Royal Collection Trust have opened a new public garden at the Palace of Holyroodhouse, the Queen’s official residence in Scotland.
Situated on Abbey Strand, the garden can be freely enjoyed year round by the people of Edinburgh and visitors to the Palace, with seasonal planting inspired by some of the earliest recorded gardens on the site. Adjacent to the new Abbey Strand Learning Centre, it will also be used by school and community groups to explore how plants have been used to improve health and wellbeing.
Both the garden and the Learning Centre have been created as part of Future Programme, a major programme of investment at the Palace of Holyroodhouse by The Royal Collection Trust. The Trust’s Chairman, Prince Charles, has recorded a message to mark the opening of the garden.
The new garden consists of three distinct areas, each representing a phase in the Palace’s 900-year history. A flowering meadow of medicinal plants evokes the 15th-century monastic gardens of Holyrood Abbey, once one of the grandest medieval abbeys in Scotland. The remains of the Abbey can be seen as part of a visit to the Palace. Among the meadow planting are daisies, which were used to treat coughs and wounds; sorrel, once thought to cure ulcers, sores and ringworm; and mallow, used to treat scurvy. Nearby, flowering bulbs, including crocuses, tulips and alliums, have been planted in a geometric pattern to reflect the design of 17th-century gardens.
A third area reimagines the physic garden that was established in the Palace grounds 350 years ago by the doctors Sir Robert Sibbald and Sir Andrew Balfour, two founding members of the Royal College of Physicians of Edinburgh. Created in 1670 to teach students about the medicinal properties of plants and to provide pharmacists with fresh materials, the Palace’s original physic garden was the first of its kind in Scotland and only the second botanic garden to be established in Britain.
The new physic garden contains medicinal and culinary plants that would have grown in the 17th-century garden. These include fennel – once used to aid eyesight, to treat the bites of snakes and mad dogs, and as an antidote to poisonous mushrooms – and borage, which, when added to wine, was said to impart courage and treat eye problems, heart disease and jaundice. Adjacent beds contain plants, such as lavender, bergamot and lemon balm, that were used for scents, dyes and insecticides.

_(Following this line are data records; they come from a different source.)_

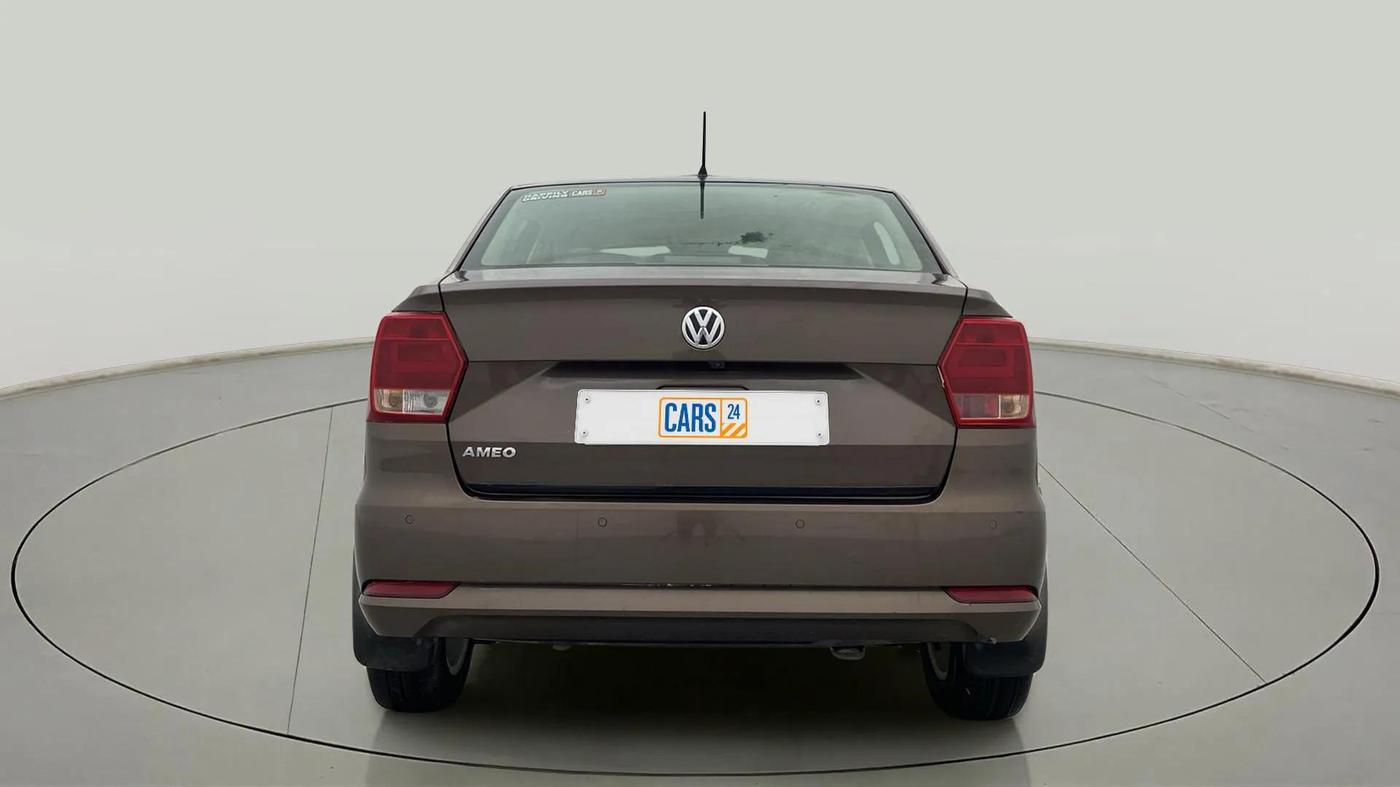 2016 Volkswagen Ameo HIGHLINE1.2L, Petrol, Manual, 44,362 km, Back/Rear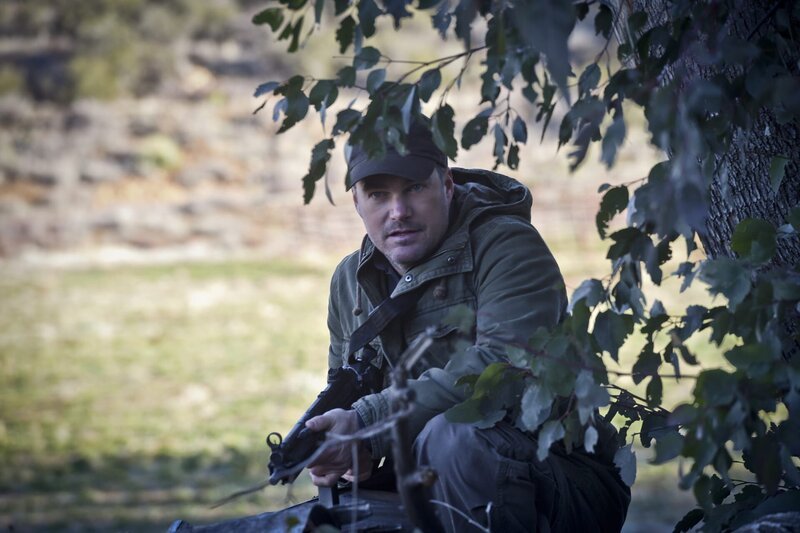 auf einer besonderen Mission in Afrika unterwegs: Callen (Chris O’Donnell) … – Bild: 2016 CBS Broadcasting, Inc. All Rights Reserved. /​ Ron Jaffe Lizenzbild frei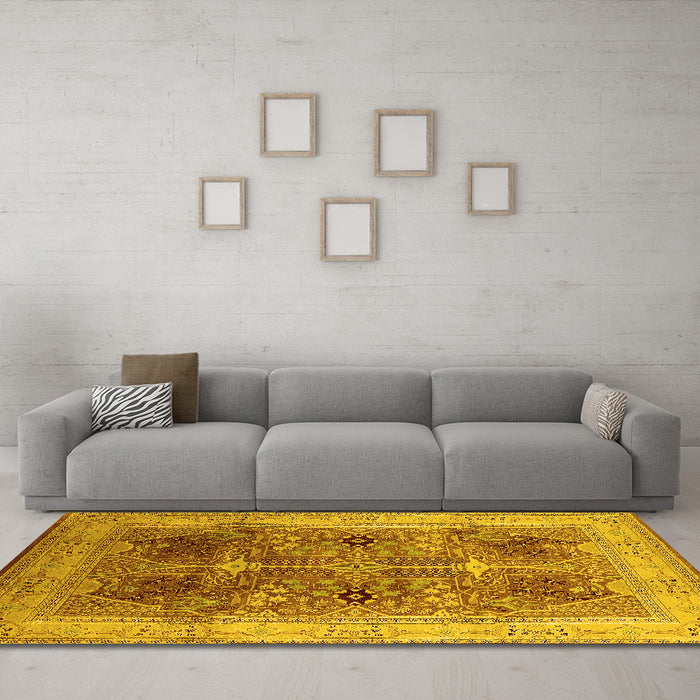 Machine Washable Oriental Yellow Industrial Rug in a Living Room, wshurb863yw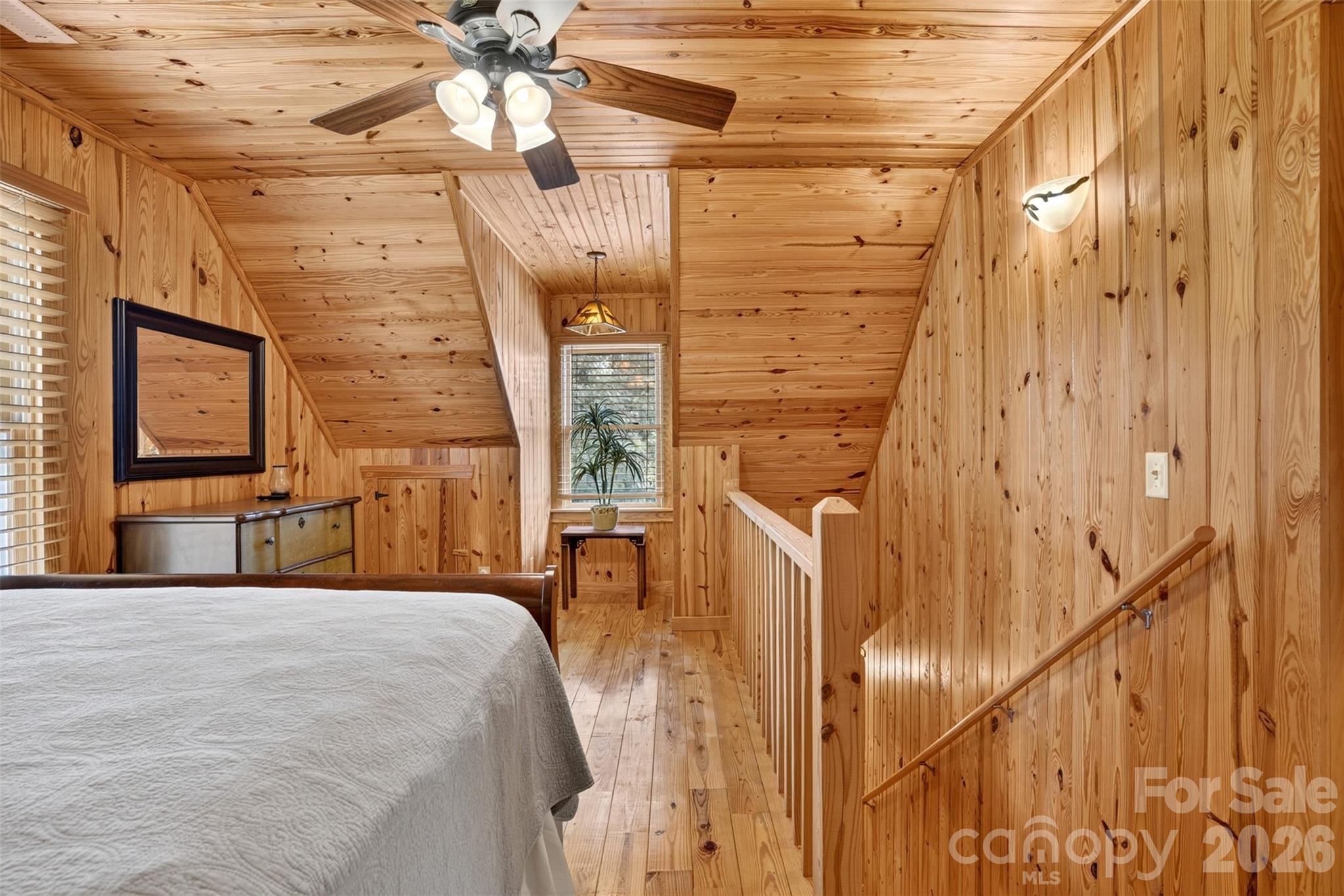 108 Beach Drive — New London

Five years after the first physic garden was created at the Palace, the plants were moved to a much bigger site at Trinity Hospital, now the location of Platform 11 at Waverley Station, and then to Leith. In 1820 the garden was established in Inverleith, where today the Royal Botanic Garden Edinburgh covers over 70 acres and displays more than 13,000 plant species, while continuing its world-leading plant science, horticulture and education.
James Sutherland, the young, self-taught gardener who oversaw the move of the physic garden from the Palace to the Trinity Hospital site, recorded the plants in Scotland’s first botanical publication, Hortus Medicus Edinburgensis. Sutherland became the first Regius Keeper, a title now given to the head of the Royal Botanic Garden Edinburgh, and in 1699 was made the first King’s Botanist in Scotland. A copy of Hortus Medicus Edinburgensis presented to The Queen in 1964 by the Royal Botanic Garden Edinburgh is displayed at the Palace of Holyroodhouse to mark 350 years since the physic garden was first established at the Palace.
Tim Knox, Director of the Royal Collection said, “2020 marks 350 years since the creation of the first physic garden at the Palace. I am delighted that this new public garden, an important element of the Future Programme project at the Palace of Holyroodhouse, has been completed in this anniversary year and can be enjoyed by our visitors and the local Edinburgh community alike”.